Tuesday, May 15, 2012

Robert B. Parker

What I try to do with reviews at this Bookshelf blog is keep it simple and spoiler-free, and let you know whether I'd recommend you pick up a copy of what I just read. Seems to work okay. This time, a few brief notes about the Spenser novels by Robert B. Parker.

Parker is one of those novelists of whom anybody who's interested in detective fiction is always aware, even if his actual writing might be unknown. He passed away two years ago, leaving behind an astonishing stack of books. With a little focus, anybody can finish Raymond Chandler in three weeks or so. Wikipedia lists sixty-eight novels by Parker, one of which is his completion of Chandler's unfinished Poodle Springs, and which I've been putting off reading for many years. Now that I see just how entertaining Parker's work is, I'm going to tackle that sometime soon.

On a whim, I checked 2003's Back Story out of the library. This is the thirtieth(!) of forty(!) novels featuring a PI in Boston called Spenser. By this point, Spenser's world and cast of supporting characters is very much established - the dude was averaging one Spenser novel about every ten months, so he had plenty of time to build up quite a world for him - and it crosses over into another series of books featuring a small-town police chief called Jesse Stone, who, in turn, crosses over into another series of books starring a PI named Sunny Randall. With Parker's characters adapted for television, it's easy to visualize the parts as played by Robert Urich, Avery Brooks, Tom Selleck and Helen Hunt, even if all that I really know of Boston, where all these stories are set, is a single day's whirlwind visit and all of those establishing shots of the city on Banacek.

Having finished Back Story, and reflecting that I might have enjoyed it a little better had Spenser not performed like a superhuman killing machine in an exciting sequence set at night in Harvard's stadium, I went back to the beginning and have read the first three novels. 1973's Godwulf Manuscript has the dry humor down from the start, and some obvious Parker tropes like incredibly detailed accounts of what Spenser cooks for himself and an unflinching use of corporate trademarks. It's distasteful and dated beyond belief in some regards - Spenser beds a mother and her daughter in the same day, and I can't imagine anybody reading that today without a furrowed brow - but the investigation is interesting and I enjoyed how Parker basically telegraphed to all his readers that he's going to remain obsessed with university campuses for the next thirty-something years.
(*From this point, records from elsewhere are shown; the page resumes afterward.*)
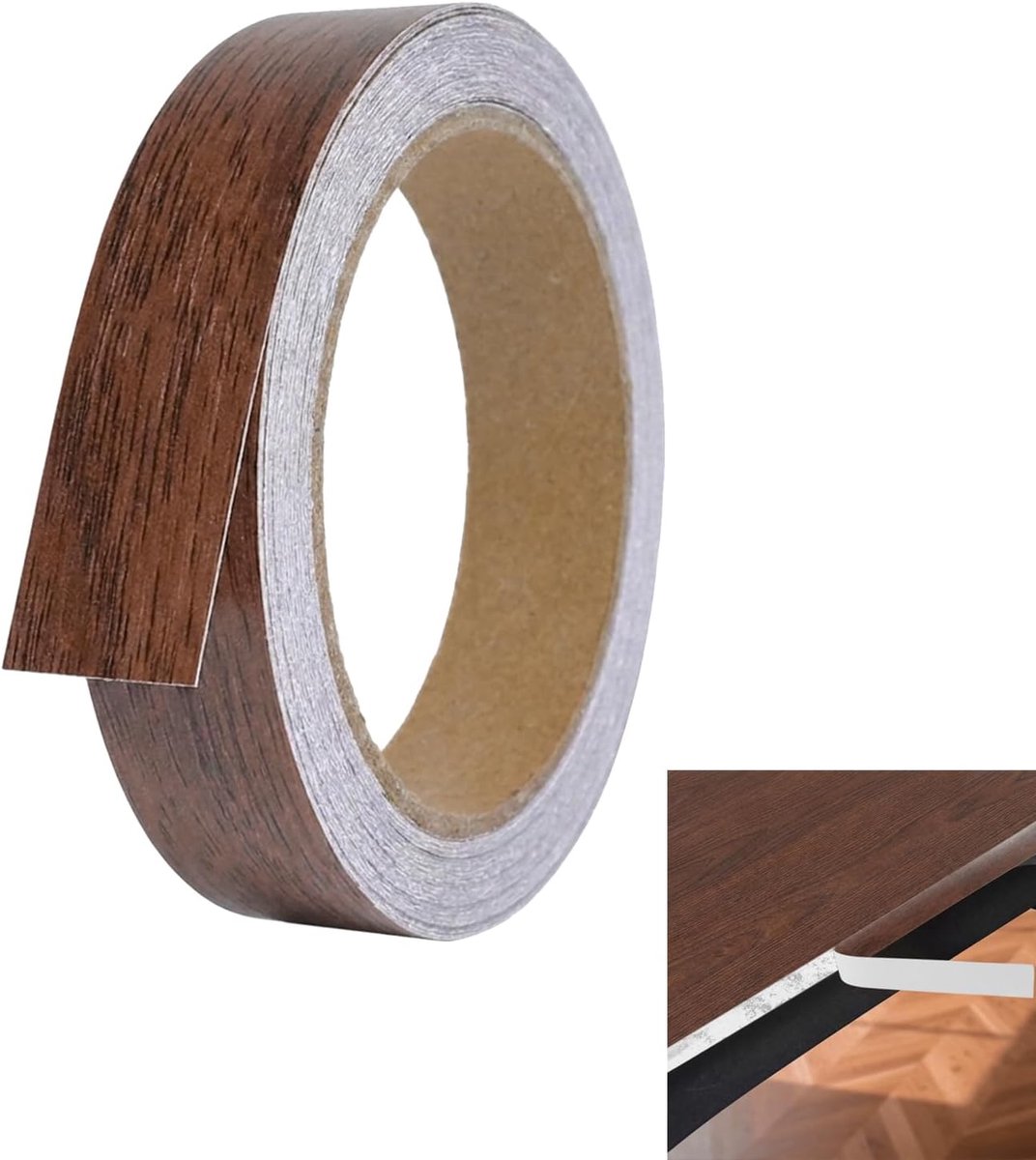 Walnoot Fineerrandband 10m voor Houtafwerking en Meubelrestauratie, DIY Houtnerf Reparatietape met Naadloze Walnootafwerking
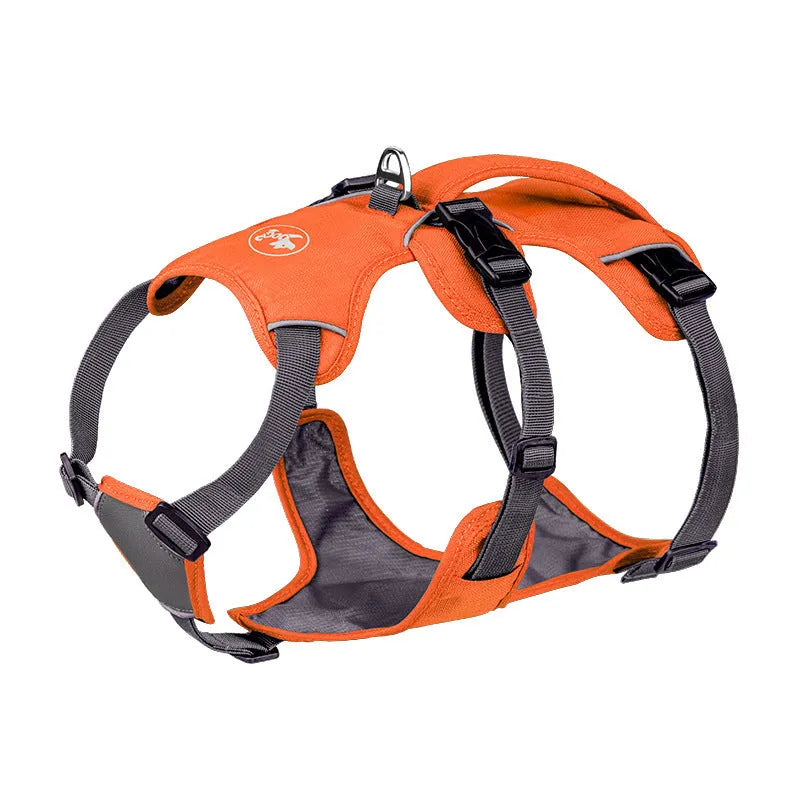 Nylon pet harness with hand-holding rope in red, orange, blue, gray, or reflective round rope, sizes XXS to L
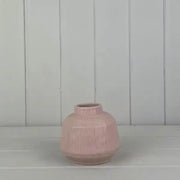 Glazed Pastel Pink Vase (9.5cm) H9.6cm D11cm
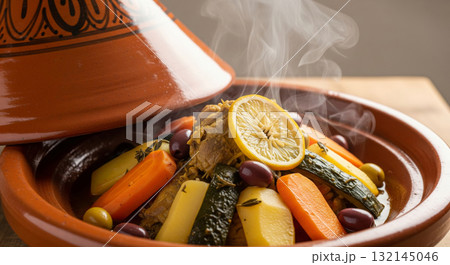 Steaming authentic Moroccan chicken or lamb tagine being prepared and served Steaming authentic Moroccan chicken or lamb tagine being prepared and served 132145046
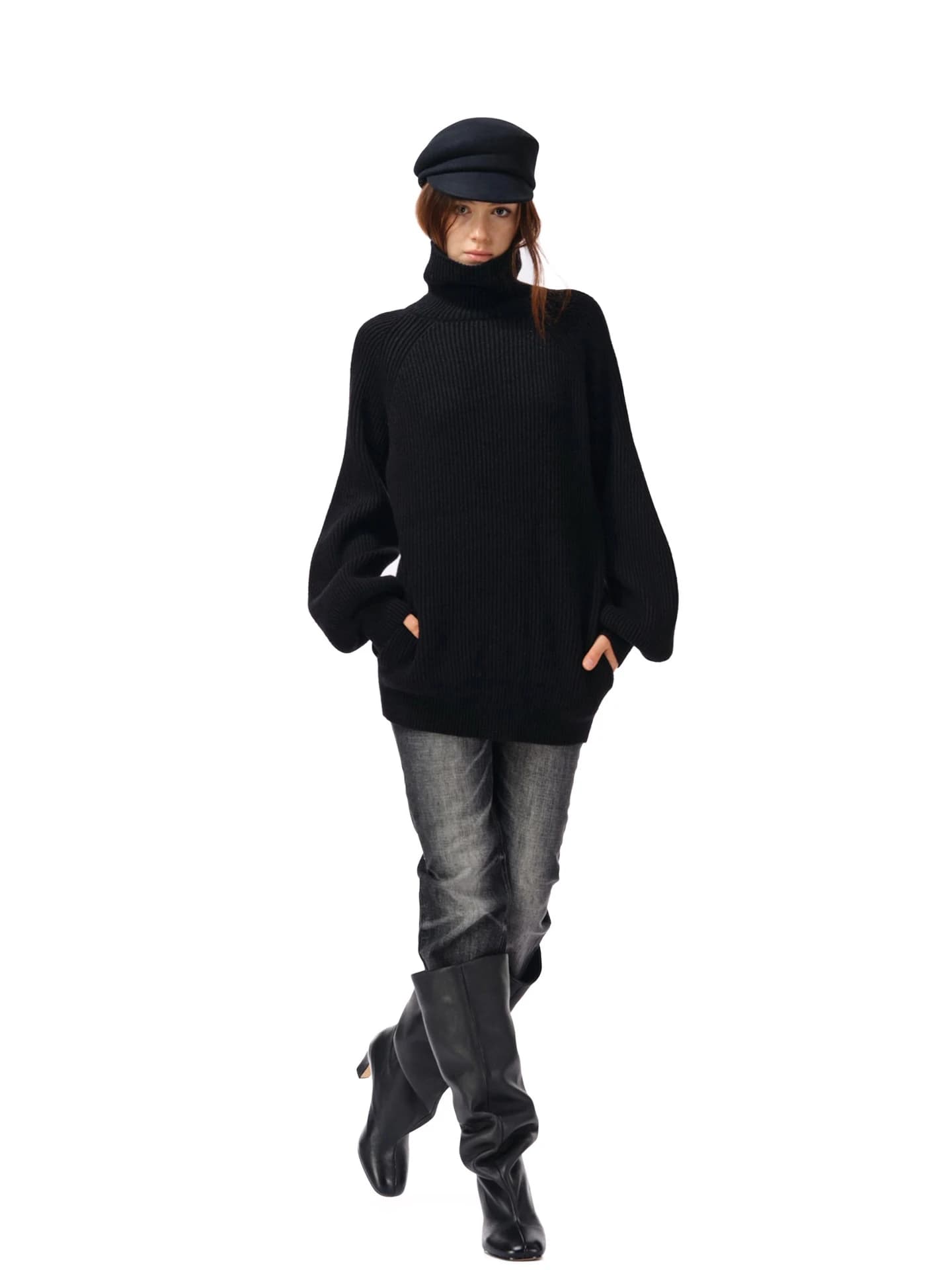 Oversize High Collar Knitted Sweater Women's Autumn Winter Lazy Black Thickened Needle Casual Style with Pocket Medium Length...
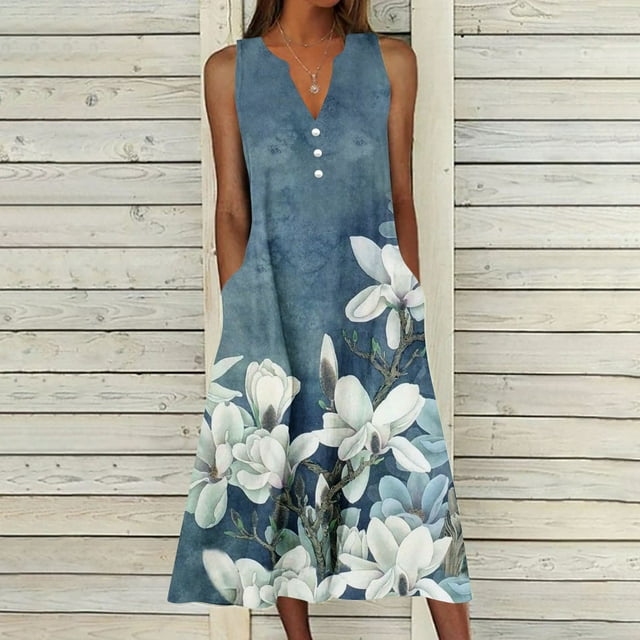 Cadeaux pour la Fête des Mères, Kcavykas Robe Maxi Bohème, Robe Décontractée d'Été pour Femme à Design Graduel Sans Manches à Encolure en V Longue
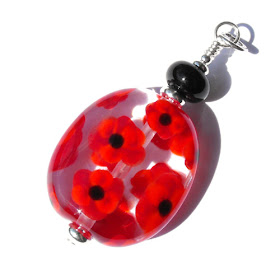 Lampwork Poppy Pendant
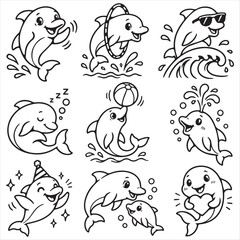 Fototapeta premium Cute Cartoon Dolphin Set, Black and White Vector Illustration for Coloring Book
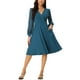thumbnail image 2 of Vestido envolvente para mujer Inspire Chic, con escote en V, mangas de linterna, puntos suizos, vestido midi con bolsillos, azul S, 2 of 6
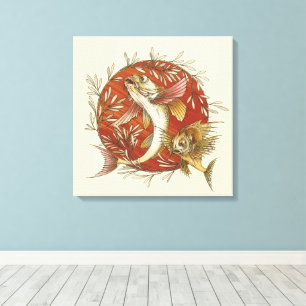  Japans Vliegende Vis en Bamboebladeren Kunst Canvas Afdruk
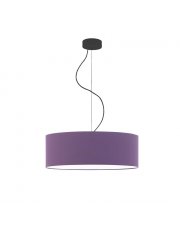 Lampa wisząca do salonu z abażurem w kształcie walca HAJFA fi - 50 cm - kolor fioletowy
1974's God Save the Child has a hysterical moment early on where Spenser, leaving town and driving north through suburban sprawl, engages in an incredibly long run-on sentence where he describes every awful thing that he passes on the state highway, and it introduces one of his regular supporting players and lovers, Susan, but is otherwise a skippable story of bodybuilders and missing kids, with that very ugly 1970s distaste for homosexuality leaking from every page. 1975's Mortal Stakes is a much better read, with an ugly secret threatening the career and the marriage of a star Red Sox pitcher, thanks to a far-too powerful radio personality knowing more about the team's scandals than he should.

I've enjoyed three of the four books a great deal, and am about to start on the celebrated Promised Land, which won the Edgar Award for best mystery novel of 1975 and later served as the pilot for the ABC Spenser: For Hire TV series. Even if I only keep enjoying three of each four books, then I figure I have fifty-one good reads in front of me.

1 comment:

Tam said...

If you think Parker wrote a lot of books, check out the even more prolific Ed McBain, who also wrote great detective novels. Unfortunately people get the wrong idea about McBain on account of The Simpsons, but he wrote very entertaining novels which have been a huge influence on stuff like Hill Street Blues, Homicide and Alan Moore's Top 10. Pretty much all the novels are worth a read, but taken as a whole they give an incredible account of how urban crime and big city life has changed over the past half century.